LE CAESAR, OU LA GENÈSE ATYPIQUE D’UN MATÉRIEL D’ARMEMENT
Il est rare que les matériels d’armement français acquièrent une notoriété publique, fruit d’une large couverture médiatique, notamment dans le contexte d’un conflit étranger. Comme l’Exocet lors de la guerre des Malouines, la guerre en Ukraine consacre la réussite du CAESAR.
Toutefois, les circonstances qui ont permis au canon CAESAR de voir le jour sont complètement atypiques dans le paysage de l’armement français. Trop particulières pour constituer un modèle du genre, elles montrent néanmoins comment un cheminement très différent des méthodes classiques a pu aboutir à une réussite qui constitue aujourd’hui une fierté pour la France.
Giat Industries dans la tourmente : l’export, condition de survie de l’entreprise et du savoir-faire
En 1990 le GIAT est passé du statut étatique au sein de la DGA au statut d’entreprise, devenant Giat Industries.
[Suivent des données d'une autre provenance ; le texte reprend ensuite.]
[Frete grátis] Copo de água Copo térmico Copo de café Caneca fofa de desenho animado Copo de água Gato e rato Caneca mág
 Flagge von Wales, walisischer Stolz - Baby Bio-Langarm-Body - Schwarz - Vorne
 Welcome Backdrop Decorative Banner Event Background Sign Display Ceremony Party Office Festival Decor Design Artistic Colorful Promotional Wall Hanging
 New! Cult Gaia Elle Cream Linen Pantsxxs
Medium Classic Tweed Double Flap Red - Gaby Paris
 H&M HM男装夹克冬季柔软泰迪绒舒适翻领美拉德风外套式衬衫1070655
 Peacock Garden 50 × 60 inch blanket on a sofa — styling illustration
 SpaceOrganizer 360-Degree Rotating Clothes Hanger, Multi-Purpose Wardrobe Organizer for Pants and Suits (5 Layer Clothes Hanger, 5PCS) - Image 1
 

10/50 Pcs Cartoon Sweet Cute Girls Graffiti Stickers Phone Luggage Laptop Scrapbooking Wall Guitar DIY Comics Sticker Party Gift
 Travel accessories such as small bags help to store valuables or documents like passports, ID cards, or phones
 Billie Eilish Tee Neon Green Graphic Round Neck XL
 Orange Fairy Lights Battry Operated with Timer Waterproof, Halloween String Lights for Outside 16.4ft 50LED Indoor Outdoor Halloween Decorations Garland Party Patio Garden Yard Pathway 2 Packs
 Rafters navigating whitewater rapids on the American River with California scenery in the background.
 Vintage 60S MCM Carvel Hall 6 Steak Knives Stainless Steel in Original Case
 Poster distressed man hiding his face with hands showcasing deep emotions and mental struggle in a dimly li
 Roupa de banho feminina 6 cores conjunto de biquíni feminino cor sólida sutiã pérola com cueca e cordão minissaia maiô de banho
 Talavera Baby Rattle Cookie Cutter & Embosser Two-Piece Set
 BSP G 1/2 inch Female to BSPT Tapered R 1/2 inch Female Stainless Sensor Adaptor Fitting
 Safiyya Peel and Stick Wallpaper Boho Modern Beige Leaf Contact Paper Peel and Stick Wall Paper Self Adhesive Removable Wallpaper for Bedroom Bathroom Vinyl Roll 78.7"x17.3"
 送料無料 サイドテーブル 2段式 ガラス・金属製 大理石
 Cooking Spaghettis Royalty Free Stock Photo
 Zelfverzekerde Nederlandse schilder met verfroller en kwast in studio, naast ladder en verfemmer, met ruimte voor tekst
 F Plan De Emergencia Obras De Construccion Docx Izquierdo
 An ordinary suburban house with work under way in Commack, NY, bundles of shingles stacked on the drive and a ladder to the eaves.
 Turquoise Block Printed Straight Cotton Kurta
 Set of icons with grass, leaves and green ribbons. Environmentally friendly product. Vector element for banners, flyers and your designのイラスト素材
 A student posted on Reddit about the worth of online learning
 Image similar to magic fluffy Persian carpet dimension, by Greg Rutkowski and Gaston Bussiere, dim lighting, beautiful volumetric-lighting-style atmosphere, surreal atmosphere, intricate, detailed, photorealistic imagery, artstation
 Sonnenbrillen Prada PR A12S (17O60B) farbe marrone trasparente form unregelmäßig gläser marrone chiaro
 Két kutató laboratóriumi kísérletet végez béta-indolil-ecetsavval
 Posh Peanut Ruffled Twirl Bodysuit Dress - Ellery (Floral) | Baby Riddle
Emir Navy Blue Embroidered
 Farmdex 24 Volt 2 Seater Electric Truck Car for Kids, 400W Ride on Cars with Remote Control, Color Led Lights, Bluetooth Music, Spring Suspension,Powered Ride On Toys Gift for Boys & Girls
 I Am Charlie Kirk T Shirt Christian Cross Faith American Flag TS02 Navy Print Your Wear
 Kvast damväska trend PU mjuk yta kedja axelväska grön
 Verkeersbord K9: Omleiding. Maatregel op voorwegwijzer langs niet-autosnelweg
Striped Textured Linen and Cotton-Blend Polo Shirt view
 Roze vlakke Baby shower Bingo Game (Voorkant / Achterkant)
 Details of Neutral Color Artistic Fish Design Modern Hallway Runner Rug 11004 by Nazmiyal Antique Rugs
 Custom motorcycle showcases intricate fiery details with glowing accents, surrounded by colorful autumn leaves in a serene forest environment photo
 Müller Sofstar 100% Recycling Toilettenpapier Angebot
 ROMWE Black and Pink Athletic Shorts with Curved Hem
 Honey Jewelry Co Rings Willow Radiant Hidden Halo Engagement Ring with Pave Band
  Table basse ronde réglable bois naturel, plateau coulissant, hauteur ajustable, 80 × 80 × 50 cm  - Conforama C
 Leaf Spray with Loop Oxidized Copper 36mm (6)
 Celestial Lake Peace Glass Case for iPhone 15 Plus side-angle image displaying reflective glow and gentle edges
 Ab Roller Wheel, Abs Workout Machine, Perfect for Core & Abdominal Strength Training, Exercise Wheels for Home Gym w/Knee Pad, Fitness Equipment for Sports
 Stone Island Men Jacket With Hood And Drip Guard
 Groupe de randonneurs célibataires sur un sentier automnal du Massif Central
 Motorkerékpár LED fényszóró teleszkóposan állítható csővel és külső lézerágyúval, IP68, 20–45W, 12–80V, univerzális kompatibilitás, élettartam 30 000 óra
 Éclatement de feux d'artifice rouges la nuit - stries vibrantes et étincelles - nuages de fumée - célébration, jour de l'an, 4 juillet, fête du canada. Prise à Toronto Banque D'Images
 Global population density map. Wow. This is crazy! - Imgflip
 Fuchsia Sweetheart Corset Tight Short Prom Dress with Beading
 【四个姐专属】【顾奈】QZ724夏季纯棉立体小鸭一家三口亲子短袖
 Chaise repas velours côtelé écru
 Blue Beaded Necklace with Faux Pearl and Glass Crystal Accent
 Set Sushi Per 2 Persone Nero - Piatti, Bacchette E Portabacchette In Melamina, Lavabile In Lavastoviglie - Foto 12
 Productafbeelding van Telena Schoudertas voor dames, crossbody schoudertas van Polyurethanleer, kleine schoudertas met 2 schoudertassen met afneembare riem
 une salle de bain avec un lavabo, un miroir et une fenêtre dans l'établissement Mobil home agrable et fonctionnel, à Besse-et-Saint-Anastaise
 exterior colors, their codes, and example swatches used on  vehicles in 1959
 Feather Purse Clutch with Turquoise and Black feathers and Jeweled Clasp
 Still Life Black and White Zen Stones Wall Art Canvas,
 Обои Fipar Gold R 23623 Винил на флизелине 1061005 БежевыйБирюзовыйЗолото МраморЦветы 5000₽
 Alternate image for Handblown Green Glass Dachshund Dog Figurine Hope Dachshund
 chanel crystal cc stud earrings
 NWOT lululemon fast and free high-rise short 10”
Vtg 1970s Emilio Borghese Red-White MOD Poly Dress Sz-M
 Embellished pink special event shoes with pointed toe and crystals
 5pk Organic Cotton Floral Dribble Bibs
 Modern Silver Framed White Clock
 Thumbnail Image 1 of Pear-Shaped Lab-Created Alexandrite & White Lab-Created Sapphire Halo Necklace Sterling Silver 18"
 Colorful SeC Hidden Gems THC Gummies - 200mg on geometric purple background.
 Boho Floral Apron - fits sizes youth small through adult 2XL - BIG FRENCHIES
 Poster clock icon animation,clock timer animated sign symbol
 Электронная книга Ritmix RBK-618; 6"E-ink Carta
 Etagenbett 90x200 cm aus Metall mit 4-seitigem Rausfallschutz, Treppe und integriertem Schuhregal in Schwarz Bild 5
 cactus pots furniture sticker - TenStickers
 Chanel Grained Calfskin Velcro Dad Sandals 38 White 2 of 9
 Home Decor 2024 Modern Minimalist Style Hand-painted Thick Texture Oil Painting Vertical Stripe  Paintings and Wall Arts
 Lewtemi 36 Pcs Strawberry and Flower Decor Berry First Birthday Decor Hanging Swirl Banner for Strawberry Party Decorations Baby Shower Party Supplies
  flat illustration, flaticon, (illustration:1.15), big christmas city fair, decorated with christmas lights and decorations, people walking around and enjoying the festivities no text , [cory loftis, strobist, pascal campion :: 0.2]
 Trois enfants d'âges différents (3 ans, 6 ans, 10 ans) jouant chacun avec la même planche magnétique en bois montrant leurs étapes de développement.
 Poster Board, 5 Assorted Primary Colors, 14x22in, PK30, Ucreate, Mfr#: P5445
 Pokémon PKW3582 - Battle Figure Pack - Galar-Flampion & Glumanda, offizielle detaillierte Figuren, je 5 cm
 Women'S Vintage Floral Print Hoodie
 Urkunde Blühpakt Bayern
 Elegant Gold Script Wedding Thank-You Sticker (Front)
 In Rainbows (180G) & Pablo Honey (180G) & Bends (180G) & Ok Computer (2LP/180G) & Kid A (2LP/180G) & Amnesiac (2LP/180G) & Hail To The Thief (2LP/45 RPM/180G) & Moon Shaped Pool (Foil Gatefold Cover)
Je venais de prendre la direction des programmes d’artillerie, avec un profil plutôt inhabituel, puisque, IA d’origine « Aéro », j’avais rejoint la DAT et le GIAT après un MBA à Wharton
Giat Industries était en assez grande difficulté du fait des circonstances de sa création, aggravées par des baisses de cible de l’Armée Française. La gamme d’artillerie de 155 était constituée de l’automoteur AUF1 en fin de production pour la France, et du canon tracté TRF1 en début de livraison en quantité réduite. L’avenir de nos activités d’artillerie, et par conséquent le maintien des compétences, reposaient donc essentiellement sur l’export. L’AUF1, bien que toujours en avance, était monté sur un châssis d’AMX30 sous-dimensionné, et ses douilles combustibles n’étaient pas au standard OTAN. Le TRF1 avait un potentiel plus encourageant mais la concurrence était très ouverte, soit avec des matériels plus rustiques et moins chers comme le M198 américain, soit avec des matériels européens assez comparables.
Le canon tracté TRF1 de 155mm
Une mutation du TRF1
Parallèlement, le nouveau standard OTAN de 52 calibres augmentant sensiblement la portée de l’artillerie était en train d’être finalisé. Aucun développement de ce type n’était envisageable du côté français, les TRF1 ayant à peine débuté leur carrière, et la modernisation éventuelle des AUF1 étant embryonaire et lointaine. Des essais internes d’un tube de 52 calibres sur un TRF1 furent catastrophiques. L’adaptation nécessitait le développement d’un nouveau système de recul difficile à justifier sur fonds propres dans la situation de l’entreprise.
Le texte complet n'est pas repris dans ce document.